§ **What is needed**: Write the listing below out again word for word, without a single picture.

§ **Dataset section**:
◆ ◆ ◆ ◆ ◆ ◆ ◆

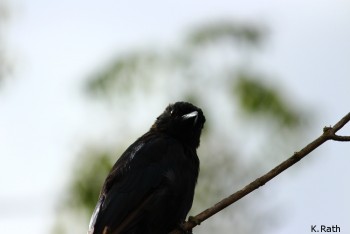rork-tailed drongo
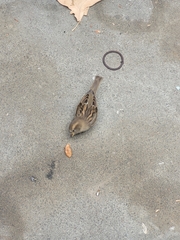 Passer domesticus domesticus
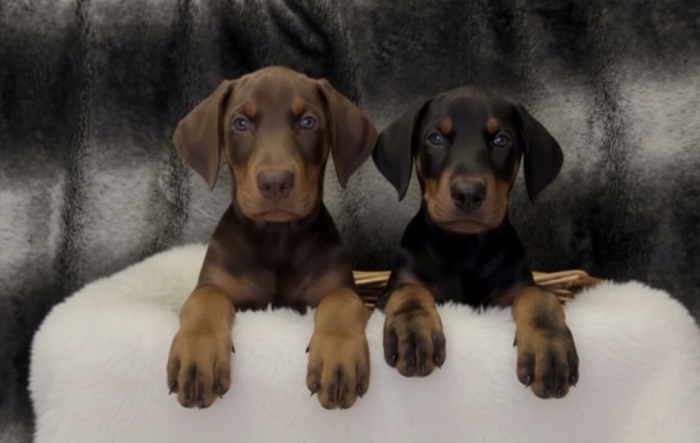 Chiots Doberman Européen avec Pedigree – Informations et contact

◆ ◆ ◆ ◆ ◆ ◆ ◆

§ **Problem solution**:
rork-tailed drongo
 Passer domesticus domesticus
 Chiots Doberman Européen avec Pedigree – Informations et contact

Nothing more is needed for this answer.